The hastily organized inauguration of Emmerson Mnangagwa as president of Zimbabwe has hit a brick wall.
Invites to the heads of diplomatic mission, international organizations and consulates were pulled back after challenges to last month’s general election put a question mark around the slim victory of Mr. Mnangagwe over his rival Nelson Chamisa.
Mr. Mnangagwa allegedly beat Mr. Chamisa with 50.8% of the vote to Mr. Chamisa’s 44.3%.
The ceremony was slated for Sunday, August 5, at the National Sports Stadium in Harare despite clashes between opposition protestors and soldiers that broke out shortly after polls closed. Some six people died in the melee, many others were beaten and a number sought refuge in neighboring Zambia.
As the post-election violence increased, Mr. Mnangagwa called for “peace and unity” but this failed to unite the nation – at least half of whom had cast ballots for Chamisa’s Movement for Democratic Change (MDC).
In early returns, the MDC was leading by about 50,000 votes over the ruling ZANU-PF. But that lead suddenly evaporated when returns from the fifth out of 10 provinces were announced.
Mr.

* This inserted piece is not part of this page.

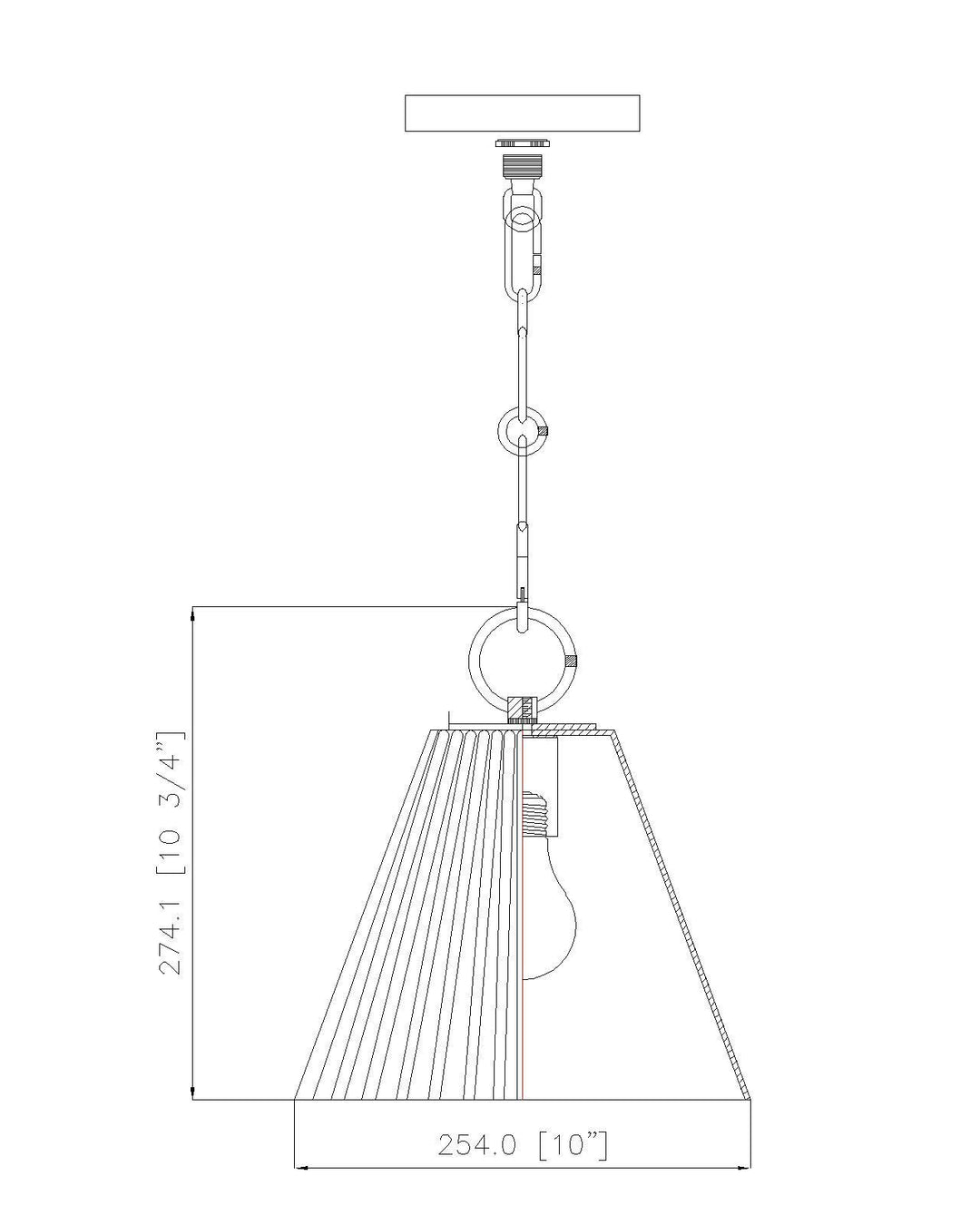 Alaric - Pendant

Mnangagwa, who ousted his predecessor, Robert Mugabe, in what was widely described as a “coup”, called the voting a “celebration of Zimbabwean democracy, a festival of unfettered freedom. With the eyes of the world on us we delivered a free, fair and credible election.”

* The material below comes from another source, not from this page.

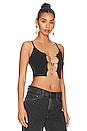 view 2 of 5 Jhene Butterfly Top in Black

“It is now time to put the election period behind us and embrace the future,” Mnangagwa said during Heroes Day commemorations in Harare.
“We should never be deterred by temporary setbacks or regrettable events which we encounter in our cause to build an open, free and democratic, prosperous Zimbabwe.”
It is now up to the Constitutional Court over the next 14 days to rule on the challenges brought by the MDC.
Meanwhile, according to reporters on the ground, hundreds of opposition activists are in hiding from an army-led crackdown. Over the weekend, soldiers were seen moving through suburbs of Harare, the capital, and satellite cities beating supporters of the MDC, firing weapons outside the homes of its MPs and sealing off the homes of leaders’ families.
“There are people disappearing. We don’t know how many – maybe 30, maybe 50. They are clearly trying to scatter the leadership, to stop us organizing,” Nkululeko Sibanda, an MDC spokesman, said.
As Mnangagwa struggles to unify sparring members of his own party and divisions in the armed forces, he may seem ineffectual but many remember his record as State Security Minister when in 1983 some 20,000 minority Ndebele people were murdered in “a moment of madness”, according to ousted president Mugabe.